In the last debate before the election, the House candidates talk about values

By Derrick DePledge

LAST UPDATED: 1:36 a.m. HST, Oct 26, 2012

U.S. Rep. Colleen Hana­busa said Thursday that success in Congress depends on how well you get along with your colleagues, but reflecting your political party's values is also important. Former U.S. Rep. Charles Djou said he would work closer to the political center than the extremes.

Hanabusa, a Democrat, and Djou, a Republican, appeared in a one-hour debate for urban Hono­lulu's 1st Congressional District on PBS Hawaii, their last before the election next month.

The forum, moderated by Leslie Wilcox, president and chief executive officer at PBS Hawaii, dwelled mainly on the candidates' political philosophies and how they would fit within a partisan 435-member House now controlled by Republicans.

"Philosophically, there is a difference between being a Demo­crat and a Republican," Hana­busa said. "And we see it very clearly now. That's the difference. It's the core values of what makes a Demo­crat and, I believe, the core values of what makes a Republican. We are parties. We are political parties for a specific purpose."

Djou blamed both political parties for the gridlock in Congress.

"The American people and the people of Hawaii are looking at Congress today and saying, ‘You guys aren't getting anything done,'" he said. "This is a corrosive, poisonous atmosphere over in Washington, D.C. And I think a large part of it is because of a lack of bipartisanship, a failure in the center, and for both parties — Republicans and Demo­crats — (that) have become captured by the hyper-partisan extremes.

"And everything is seen from a hyper-partisan vantage point here."

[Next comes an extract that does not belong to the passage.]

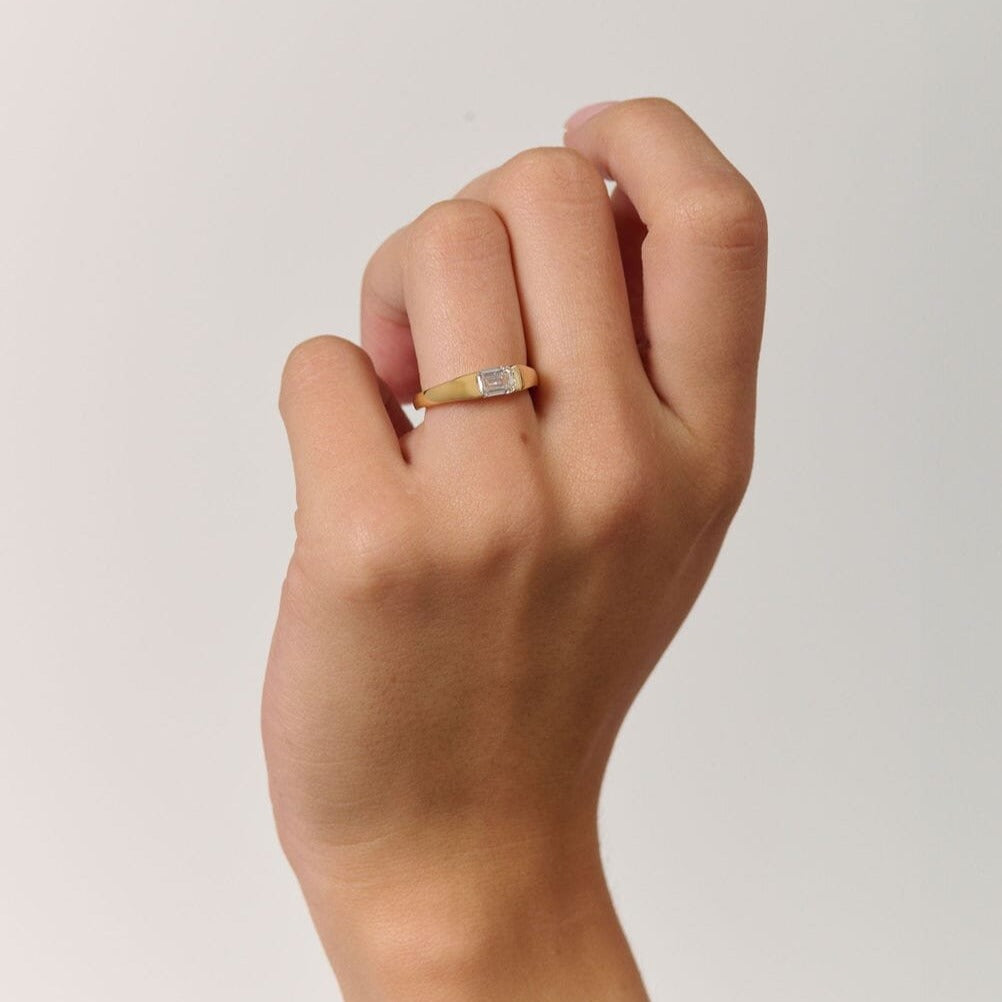 Rings-A modern and elegant signet band. Featuring an east-west half bezel set emerald cut diamond. This ring is the perfect understated engagement ring or striking signet band. Pair with the Petite Nadia Diamond Band for an elevated wedding set.-ELIISE MAAR JEWELLERY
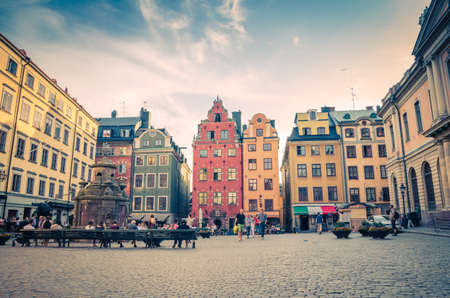 Sweden, Stockholm, May 29, 2018: traditional typical buildings with colorful walls, Nobel Museum and fountain on Stortorget square in old town quarter Gamla Stan of Stadsholmen island, blue sky aboveのeditorial素材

Djou said that Native Hawaiian federal recognition has not passed in Congress because there was no Republican in the state's congressional delegation to explain to Republican opponents why the issue is important to Hawaii. But Hana­busa said that U.S. Rep. Don Young, R-Alaska, a senior lawmaker who supports Native Hawaiian recognition, has said that other Republicans do not "understand the indigenous peoples' rights." She said she doubts Djou alone would be able to advance the bill in the House.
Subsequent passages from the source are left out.